__Problem to solve__. Beginning at the line that contains "Rustic Greenery Vineyard" and finishing at the line that contains "Oase Proficlear Premium", output the data below exactly. Include both end lines and no pictures.

__Task inputs__.
"""

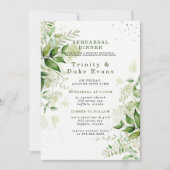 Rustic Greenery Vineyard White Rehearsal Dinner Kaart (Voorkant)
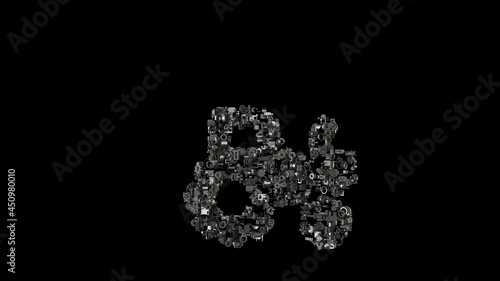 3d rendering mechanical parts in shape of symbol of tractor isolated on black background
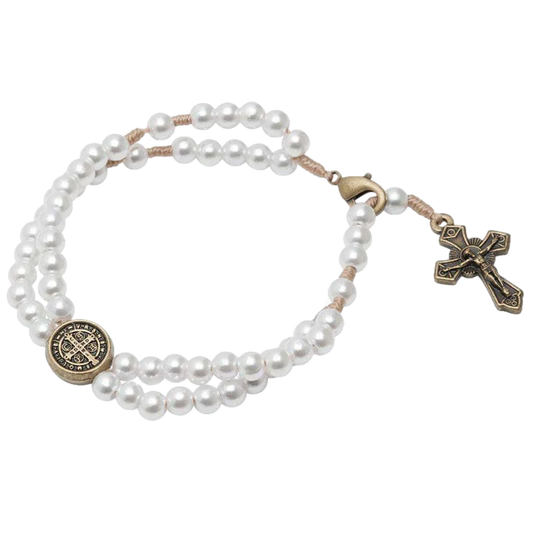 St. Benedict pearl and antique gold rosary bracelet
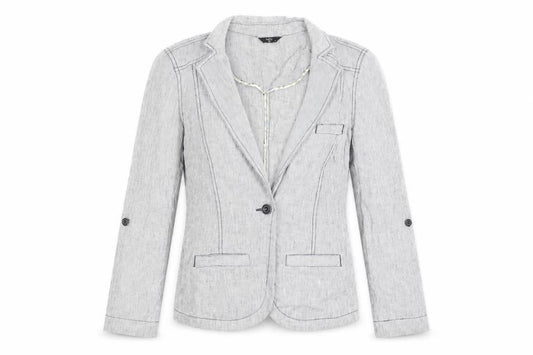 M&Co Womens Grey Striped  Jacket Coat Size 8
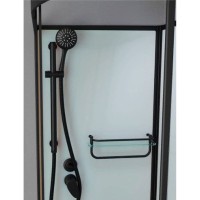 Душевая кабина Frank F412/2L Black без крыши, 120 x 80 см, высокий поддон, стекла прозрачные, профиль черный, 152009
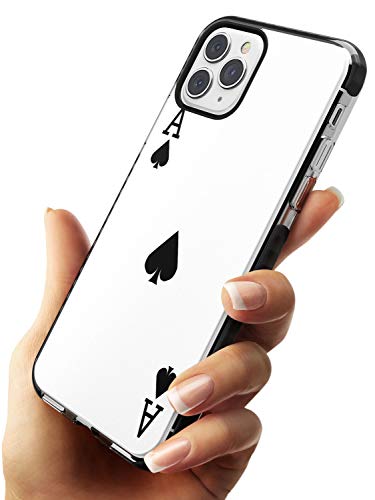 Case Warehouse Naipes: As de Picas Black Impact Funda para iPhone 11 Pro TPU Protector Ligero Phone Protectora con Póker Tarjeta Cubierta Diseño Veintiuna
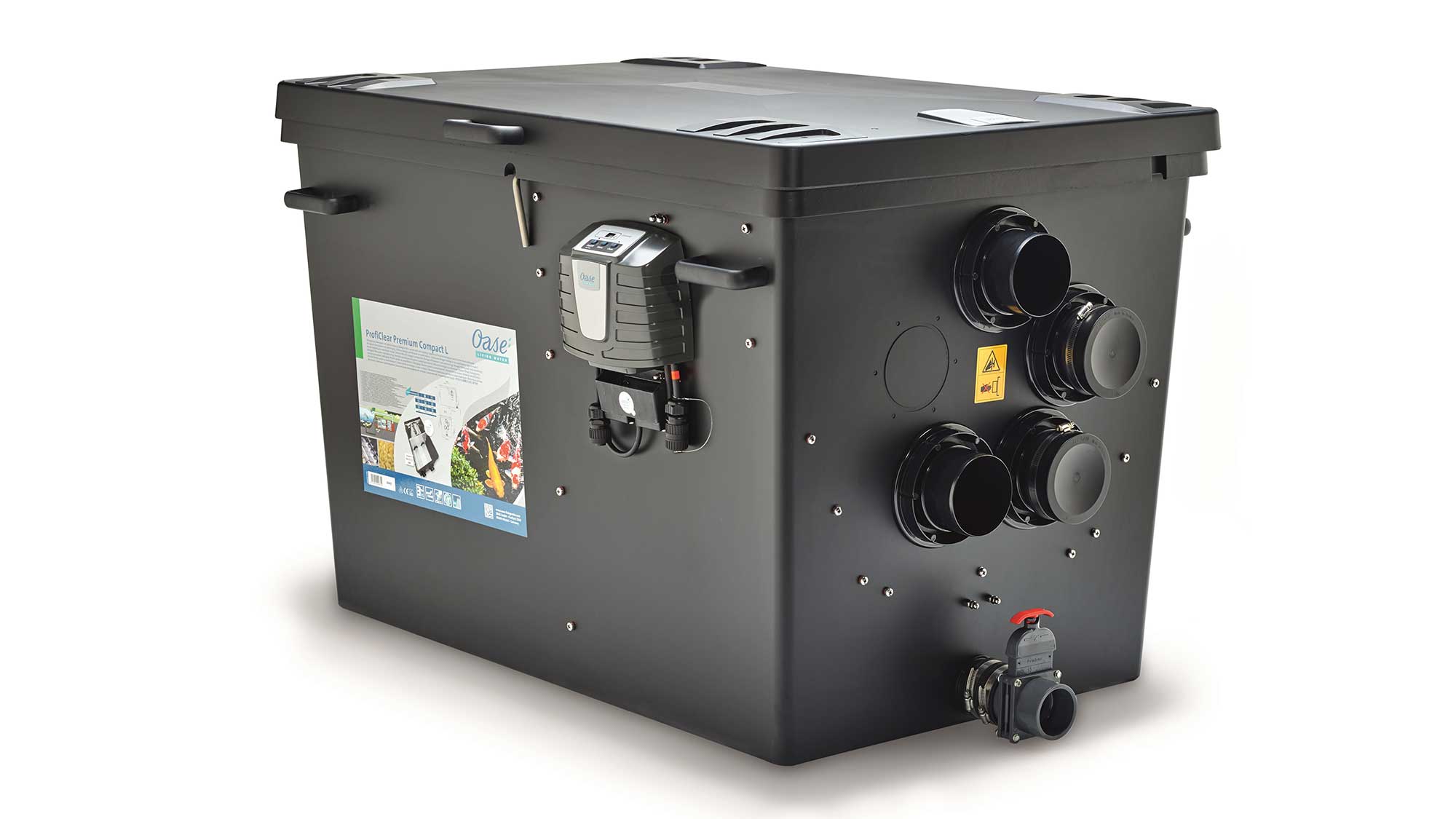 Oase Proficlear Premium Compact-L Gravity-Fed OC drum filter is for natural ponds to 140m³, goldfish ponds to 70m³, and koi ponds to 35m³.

"""
"""

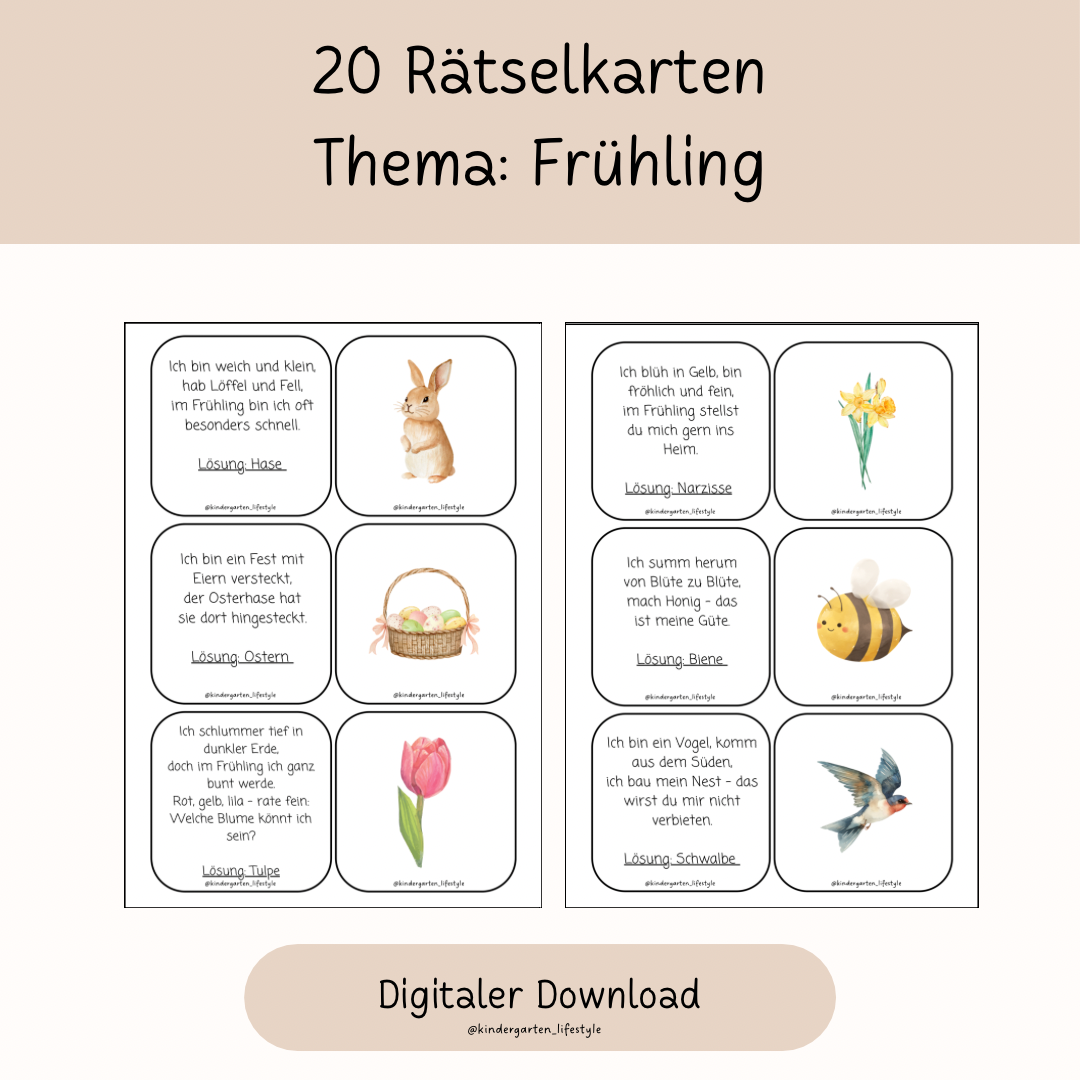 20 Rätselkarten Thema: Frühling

"""
"""

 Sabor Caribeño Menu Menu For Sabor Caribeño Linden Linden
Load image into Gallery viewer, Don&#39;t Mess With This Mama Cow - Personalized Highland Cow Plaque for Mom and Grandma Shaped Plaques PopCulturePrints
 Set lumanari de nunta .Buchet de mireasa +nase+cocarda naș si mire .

"""

__Answer area__.
 Rustic Greenery Vineyard White Rehearsal Dinner Kaart (Voorkant)
 3d rendering mechanical parts in shape of symbol of tractor isolated on black background
 St. Benedict pearl and antique gold rosary bracelet
 M&Co Womens Grey Striped  Jacket Coat Size 8
 Душевая кабина Frank F412/2L Black без крыши, 120 x 80 см, высокий поддон, стекла прозрачные, профиль черный, 152009
 Case Warehouse Naipes: As de Picas Black Impact Funda para iPhone 11 Pro TPU Protector Ligero Phone Protectora con Póker Tarjeta Cubierta Diseño Veintiuna
 Oase Proficlear Premium Compact-L Gravity-Fed OC drum filter is for natural ponds to 140m³, goldfish ponds to 70m³, and koi ponds to 35m³.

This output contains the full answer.